La actriz se sinceró sobre su deseo de ser madre y aseguró que "lo habría contado antes". “Es un tema que es cero tabú y la tecnología nos ayuda un montón al día de hoy”, sostuvo.
A más de un año de haber decidido congelar sus óvulos, Laurita Fernández volvió a hablar sobre el proceso que atravesó y contó cómo combinó el tratamiento con su intensa agenda laboral. La actriz recordó que, al principio, mantenía la situación en secreto y le costaba compartirla incluso con sus compañeros de trabajo.
“Yo estaba inyectándome en el camarín. No decía nada, como si fuese tabú el tema”, contó Fernández al recordar los primeros días del tratamiento.
La actriz explicó que decidió investigar sobre el procedimiento y avanzar con la preservación de su fertilidad como una posibilidad para el futuro.
“Me metí en el proceso diciendo: ‘Bueno, dale, hagámoslo’. Me parecía que estaba bueno congelar óvulos como una reserva. Esa reserva ovárica, si la podía tener, la tenía”, reflexionó.
Fernández también remarcó que cada caso es diferente y que la posibilidad de realizar el tratamiento depende de estudios médicos y del estado de salud de cada mujer.
“Cualquier mujer lo puede hacer a la edad en que todavía sus óvulos estén en condiciones y, si está todo óptimo, se puede hacer y se puede llevar adelante”, señaló.
La logística del tratamiento en medio del trabajo
La conductora y actriz recordó que atravesó el proceso mientras cumplía con una agenda cargada de compromisos y relató una particular situación que vivió durante un evento.
“El señor del remís se llevó la bolsita a su casa y me la guardó en la heladera durante todo el evento, que era en un lugar descampado. Después fue él el que me volvió a llevar a Buenos Aires”, contó.
Fernández agradeció el gesto del conductor, quien la ayudó a mantener refrigerada la medicación que necesitaba para continuar con el tratamiento. “Fue un genio, porque me vino a buscar, me puse la inyección y nos fuimos a Buenos Aires”, relató.
El momento en que decidió contarles a sus compañeros
La experiencia no solo implicó un proceso físico, sino también emocional. Laurita contó que en una de las últimas funciones que realizó antes de finalizar el tratamiento comenzó a sentirse más inflamada y decidió advertirles a sus compañeros que debía modificar algunas de sus acrobacias.
“Les dije: ‘Chicos, capaz que hoy hago unas mini acrobacias un poquito más tranquilas. Me van a ver hacerlas, pero otra versión porque estoy con unos temitas en los ovarios’”, recordó.
La reacción de uno de sus compañeros la sorprendió y la llevó a replantearse el silencio que había mantenido hasta ese momento. “Uno de los chicos me dijo: ‘Gordi, ¿congelaste óvulos?’. Yo le dije que sí y me respondió: ‘Ay, bueno, lo que necesites’”, contó.

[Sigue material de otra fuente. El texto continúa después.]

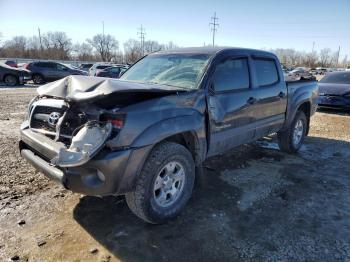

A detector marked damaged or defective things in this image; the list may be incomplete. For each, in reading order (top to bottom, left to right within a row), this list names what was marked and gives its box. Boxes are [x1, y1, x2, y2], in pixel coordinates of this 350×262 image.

crumpled hood [37, 75, 187, 102]
damaged fender panel [50, 122, 112, 167]
damaged front bumper [19, 122, 152, 195]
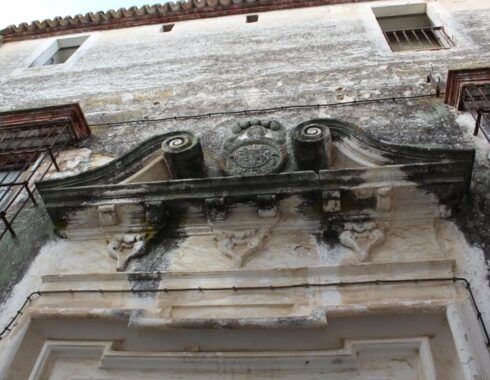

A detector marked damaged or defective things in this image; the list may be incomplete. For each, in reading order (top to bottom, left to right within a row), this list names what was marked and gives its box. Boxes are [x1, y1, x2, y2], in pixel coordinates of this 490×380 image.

baroque broken pediment [36, 119, 472, 270]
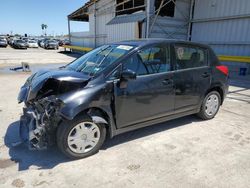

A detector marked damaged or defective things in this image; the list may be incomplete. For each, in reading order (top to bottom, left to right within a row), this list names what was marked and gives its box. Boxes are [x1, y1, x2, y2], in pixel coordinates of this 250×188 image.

crumpled front hood [18, 68, 91, 103]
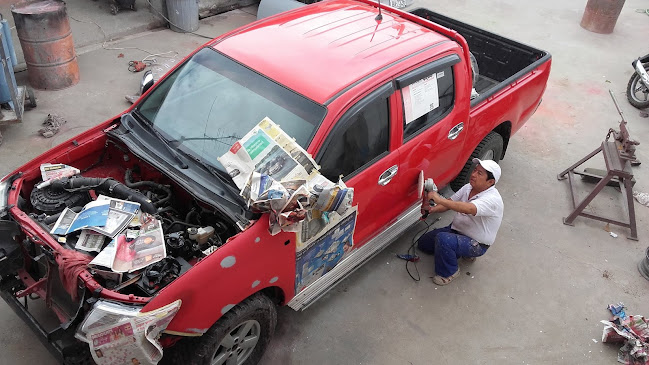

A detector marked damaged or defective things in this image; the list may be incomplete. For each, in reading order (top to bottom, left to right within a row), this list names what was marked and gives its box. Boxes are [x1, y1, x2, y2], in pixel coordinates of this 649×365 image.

rusty metal barrel [10, 0, 79, 90]
rusty metal barrel [580, 0, 624, 33]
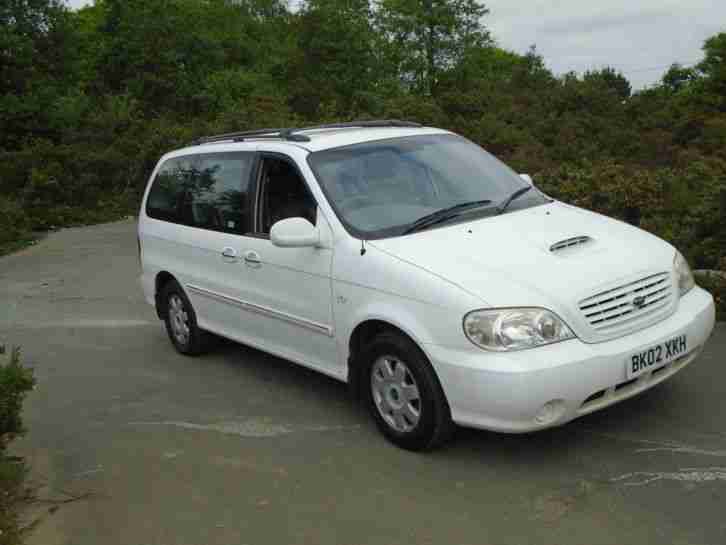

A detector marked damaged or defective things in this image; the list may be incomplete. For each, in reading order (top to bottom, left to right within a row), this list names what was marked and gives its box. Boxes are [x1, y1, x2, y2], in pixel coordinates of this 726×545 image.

cracked pavement [1, 218, 726, 544]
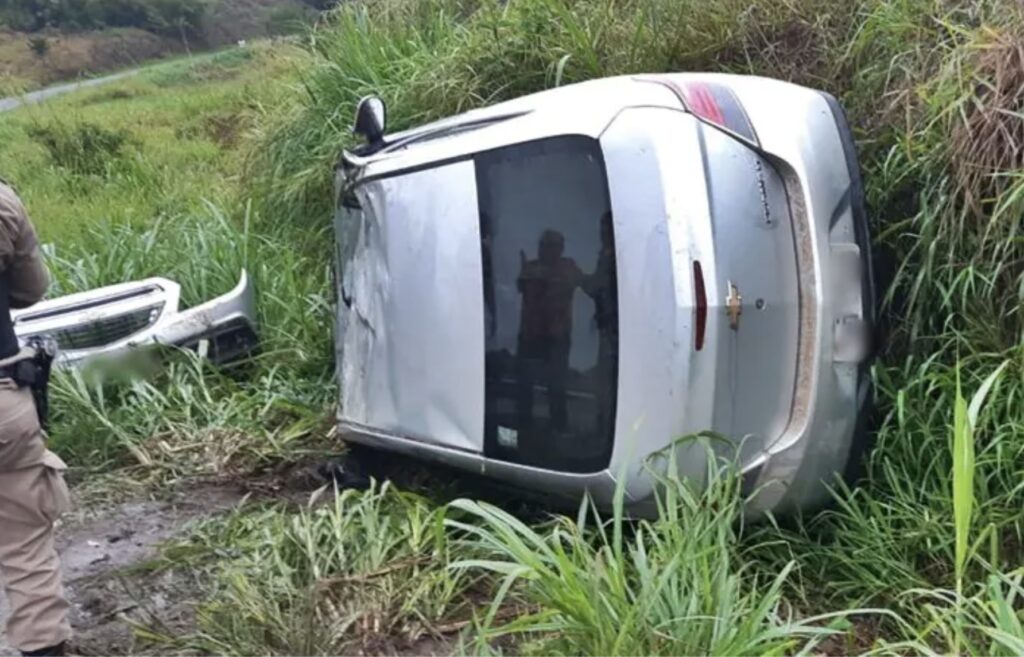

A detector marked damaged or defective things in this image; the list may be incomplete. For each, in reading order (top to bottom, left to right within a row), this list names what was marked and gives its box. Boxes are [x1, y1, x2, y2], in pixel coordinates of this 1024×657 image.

La actriz aseguró que recibió una importante muestra de contención y reconoció que se arrepintió de no haber hablado antes sobre el tema. “Con eso me dio una contención espectacular y yo me quedé helada. Pensé: '¿Cómo no les conté antes?’”, confesó.
“Decidí contarlo”
A partir de esa experiencia, Laurita Fernández decidió hacer pública su historia con el objetivo de aportar información y ayudar a otras mujeres que pudieran estar atravesando dudas similares.
“Siento que esto puede ayudar a un montón de chicas que capaz no tienen la información”, explicó.
La actriz consideró que el congelamiento de óvulos debe poder hablarse con mayor naturalidad. “Es un tema que es cero tabú y la tecnología nos ayuda un montón al día de hoy”, sostuvo.
Fernández también reconoció que se trata de un procedimiento al que no todas las mujeres pueden acceder debido a su costo.
“Está muy bueno si tenés la posibilidad económica de hacerlo, obvio”, aclaró. Finalmente, explicó que aquella reflexión fue la que la llevó a compartir públicamente su experiencia. “Ahí fue cuando decidí contarlo”, concluyó.